But Garcia, a legal resident of the United States since 1965, was stunned to learn just how slowly the wheels of immigration turn. It would take six or seven years to get a visa for his wife, he was told, and during that time she would not be permitted to visit him in the United States.

So Garcia (not his real name) did the only thing he felt he could do under the circumstances: he brought his wife across the border illegally.

Garcia and his wife are but two of tens of thousands of people who have had to come to terms with restrictive American immigration quotas that, while ostensibly designed to unify families, have kept them apart or forced them to break the law to be together.

Today, Garcia and his wife live with their 8-month-old son -- a U.S. citizen by virtue of being born here -- in a recently purchased suburban Maryland home filled with new furniture, a large stereo and pictures of their wedding. But the tranquil scene is deceptive, for Garcia is convinced that his wife will be discovered one day and deported.

"I knew there would be a problem," he said recently as he changed the oil on one of his two cars. "But we have had to learn to live with a bigger problem."

Demand for the 290,000 immigrant visas issued annually worldwide by the United States has gotten so high that this month, for the first time in memory, all spouses, sons and daughters of legal foreign residents here -- who are supposedly in a highly "preferred" category for admittance -- face a delay ranging from five months for European applicants to eight years for Mexicans, according to State Department documents.

The backlog faced by Mexicans has become a factor in strained U.S.-Mexican relations, according to recent testimony before the Senate Judiciary Committee, and also contributes directly to the increasing flow of illegal Mexican immigrants -- such as Mrs. Garcia -- into the United States.

More that 48,000 Mexican husbands, wives, sons and daughters of legal residents of the United States -- a handful of whom live in the Washington area -- currently are waiting for visas. "Most of them," according to Vernon D. McAninch, the official responsible for issuing visas at the U.S. Embassy in Mexico City, "are already in the U.S. illegally. If they can't go legally, they go illegally."
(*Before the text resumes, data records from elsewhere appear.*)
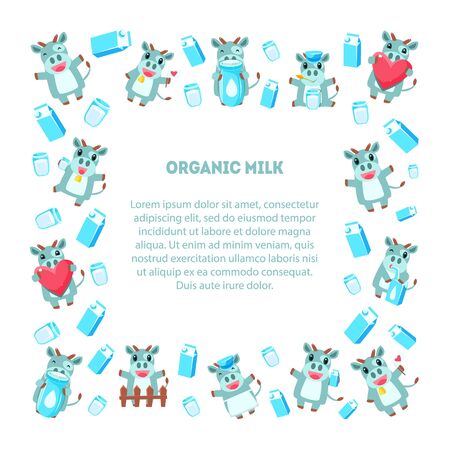 Organic Milk Frame of Square Shape with Cute Funny Cow, Dairy Products and Place for Text, Design Element Can Be Used for Banner, Poster, Label, Invitation, Certificate, Coupon Vector Illustrationのイラスト素材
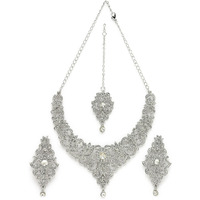 Sukkhi High-Fashion Rhodium Plated Silver AD White Stones Floral Collar Bone Necklace Set With Earring And Maangtika | Jewellery Set For Women (NS105612)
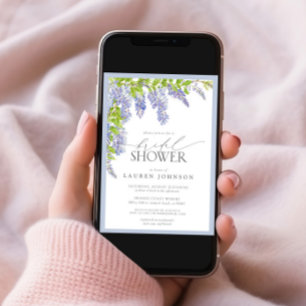 Invitation Elégante Wisteria Aquarelle Fête des mariées flora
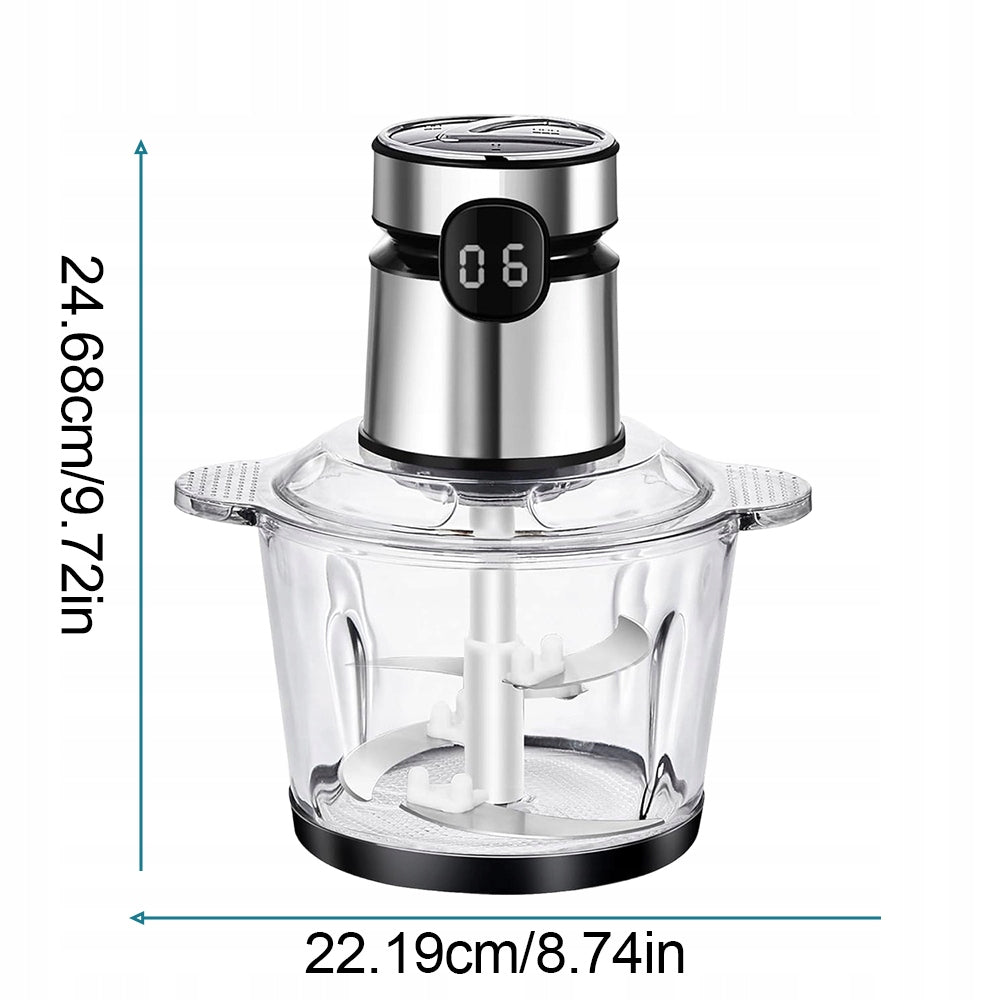 SHREDDER 2L ONION CHOPPER VEGETABLE Slicer Glass Bowl 200W Packaging status original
"We're in the worst shape of any country in the world" in the second preference category, McAninch said. "It's just another thing that encourages further illegal immigration . . . It's quite clear that the present immigration law is not coping with the problem."

So pressing is that particular backlog that a Senate committee is holding hearings into a bill introduced by Sen. Edward M. Kennedy (d. Mass.) that would increase the number of visas allocated to Mexico and incidentally, Canada. But many, including some Immigration and Naturalizaton Service employes embittered by laws that cast them in the role of heavies, say such changes would not go far enough.

"We say that basic immigration policy is to reunify families," said Michael G. Harpold, president of the union that represents immigration employes. "Well now, everyone knows you can't reunify your family if you're from Mexico, India, China -- most of the countries of the world, as a matter of fact.

"Maybe you can understand, when we tell people in the immigration service that the national policy is to reunify families, it's a lie," Harpold said.

The problem is not limited to Mexicans, however. Under the complex U.S. system of awarding visas to individuals based on their family relationships to U.S. residents or citizens or the individual's job skills, the brothers and sisters of American citizens fall into a low preference category.

As a result, several Chinese-American families in the Washington area must wait as long as six years before their brothers and sisters from mainland China can come to the United States.

Particularly difficult is the problem faced by the Liu family in suburban Maryland. Earlier this year Chan Kwan Liu, the 62-year-old brother of Shi Chuen Liu, a Langley Park restaurant owner, finally won permission to leave China.

But when Chan Liu arrived in Hong Kong in March with his wife and youngest child (the other two children did not qualify for American visas and had to remain behind), he discovered that it would be five to six years before their visas would be issued.

Now his brother Shi Liu, an American citizen, must send about $500 a month to Chan to support his stranded family in Hong Kong, where they may have to wait for years before they can come to the United States.

"My uncle Chan quotes an old Chinese saying all the time now," said Hung Kai (Teddy) Liu, who runs his father's restaurant here. "He says, 'The crows are black anywhere around the world.' That means governments are just as bad everywhere. But I tell him, the law is the law." g

The history of American immigration laws is checkered at best. No serious attempt was made to regulate immigration here until 1875, when Chinese contract laborers were barred from entering the United States. Then, about the time of World War I, quotas were developed that relied, among other things, on pseudo-scientific "findings" that more that 80 percent of the Russian, Hungarian and Jewish immigrants of the time were "feeble-minded."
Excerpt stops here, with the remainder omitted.